Pero ante la tecnología han tenido que buscar nuevas formas de seguir llamando la atención de sus clientes. Una fórmula es añadir nuevos personajes: Batman se incorporó a sus filas en los últimos años. Esto no sólo los ayuda a seguir vendiendo, también continúan con uno de sus principales objetivos: “contar historias que suceden a través del tiempo”, explica Jazmín. “Estas piezas te muestran qué es lo que está ocurriendo en ese momento en una comunidad o una ciudad. No es lo mismo un juguete de hace 20 años que uno de ahora”.

Amiju tiene conocimiento de 200 talleres alrededor de la República, pero uno de los obstáculos que la organización ha detectado es que estos negocios sólo generan ventas en algunas temporadas, por lo que abren y cierran según el mes del año. Eso hace más complicado que se lleve un listado completo o que logren que asistan a las juntas de la asociación. Los lugares en donde saben que hay más empresas de este tipo son en Oaxaca y Guerrero. Estos dos estados reúnen apenas 4% del registro del DENUE. San Pablo Villa de Mitla y Chilapa son los municipios con más registros.

La lucha por continuar en el mercado viene desde hace más de una década. La llegada de los juguetes mecánicos y de plástico marcó este cambio. Pero ahora el movimiento a lo tecnológico también podría afectarlos. “Me parece que no sólo los juguetes artesanales están siendo desplazados por los celulares, tabletas y videojuegos”, dice María de Lourdes Zariñana, socióloga de la UNAM.

Cambiar para sobrevivir

Ante un panorama en el que los juguetes electrónicos tienen un crecimiento de 8% anual, el doble de lo que registran las muñecas, carritos o juegos de mesa, de acuerdo con los datos del director de Amiju, Álvaro no teme al asegurar que la tecnología no va a lograr sustituir lo que ellos hacen. “Mientras haya creadores va a haber consumidores. El problema real es que el número de fabricantes sí está disminuyendo”, explica.

Aunque la cifra podría parecer baja, de 2015 a 2016 se borraron ocho registros de la lista de empresas dedicadas a la fabricación de juguetes en el DENUE. La mitad tenía entre uno y 10 empleados, pero este efecto también le llegó a empresas grandes como Tecnología en Soluciones Dinámica SA de CV, en el Estado de México. Con una plantilla de 51 a 100 trabajadores y con cinco años en la industria tuvo que cambiar de giro.

Álvaro y Jazmín tienen claro que su enfoque no está en competir directamente contra los carritos de control remoto o los muñecos que hablan y caminan. Para ellos la innovación está en los elementos nuevos que puedan ofrecer en sus creaciones. “Nos tenemos que renovar en lo que vendemos, porque cuando la gente busca juguetes sólo está encontrando los más comunes: yoyos, trompos o valeros”, cuenta Álvaro.

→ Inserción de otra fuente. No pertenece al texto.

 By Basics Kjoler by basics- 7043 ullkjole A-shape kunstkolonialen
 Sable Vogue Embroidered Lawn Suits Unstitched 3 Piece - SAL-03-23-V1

Para ellos, los juguetes te pueden contar toda su historia. De dónde vino, cómo surgió y también su evolución tecnológica. Una de sus creaciones se llama “torbellino”. Un pequeño popote al que le soplas una pelotita de unicel. A la vista parece muy simple, pero la realidad es que es un juguete que surgió como una versión económica de los instrumentos que se utilizan para la rehabilitación de los enfermos de las vías respiratorias, cuenta Jazmín.

El enemigo

Una de las grandes barreras para estos artesanos es que “nadie los publicita, no los exhiben en los entornos comunes de los niños. Entonces sus productos se convierten en objetos de museos. Los hacemos casi inaccesibles”, asegura la especialista de la UNAM.

Actualmente existen cinco museos dedicados a la conservación del juguete tradicional en México. San Miguel de Allende, Aguascalientes, Estado de México y la capital son las ciudades que los albergan.

Aunque es una forma de preservar una tradición mexicana, también le ha jugado en contra a la industria, porque los han convertido en objetos de colección “altamente valorados por adultos y extranjeros, pero poco conocidos y usados por niños y niñas”, asegura la socióloga María de Lourdes. Incluso, se le conoce como un negocio de la “melancolía”, que generalmente tiene sus clientes en los mexicanos que han estado lejos del país por un tiempo o por los turistas.

El taller Tlamaxcalli ve esto todos los días. Sus principales consumidores son extranjeros, habitantes de la zona y coleccionistas. Los grandes anuncios publicitarios no son para ellos, pero han logrado aprovechar su ubicación. Una zona en la que lo “tradicional se está volviendo una moda”, asegura Jazmín.

Una industria que cuesta

La producción en masa es una de las características de las grandes empresas dedicadas al juguete. Desde las que hacen juegos de mesa, hasta las que venden tabletas o videojuegos. En un día producen millares de productos, pero los tiempos son diferentes para Álvaro y Jazmín. Con su mandil puesto y sus materiales como madera, plástico o cartón a la mano, este par de creadores tarda en promedio dos días en terminar un juguete, todo depende del nivel de detalle de la pieza.

Aunque “hay muñecas que tardan hasta seis meses en venderse”, ellos no piensan en esto al momento de hacerlas. En Tlamaxcalli los precios van desde los 15 pesos, por un “torbellino”, hasta los 3 mil pesos, por aquellos que ya tienen algún tipo de mecanismo o un diseño específico. Del otro lado, los juegos electrónicos, como las consolas, pueden alcanzar hasta los 9 mil 499 pesos, según los datos de Profeco.

La comercialización de sus productos fuera del taller es complicada. “Muchos asumen que contamos con los recursos suficientes para instalarnos en bazares de diseñadores”. Esto los pone en alta desventaja con las grandes cadenas de distribuidores, como supermercados o tiendas departamentales, que concentran 50% de las ventas de las compañías transnacionales.

“Los prejuicios que tenemos por quienes hacen estos juguetes han hecho que seamos capaces de regatear su precio sin considerar las implicaciones de ese trabajo”, asegura María de Lourdes. Además, advierte de un panorama complicado si no hay un apoyo del gobierno para estos productores, “los altos costos en la materia prima que utilizan y los bajos costos de venta no están ayudando a la industria”.

A pesar de que los juguetes de Tlamaxcalli no lloran, ni hablan y sus movimientos son más limitados, Álvaro, quien aprendió este arte en la “universidad autónoma de la vida”, tiene la mejor oferta para competir: “Cada obra es única y en cada una llevan el corazón del artesano que los fabrica”.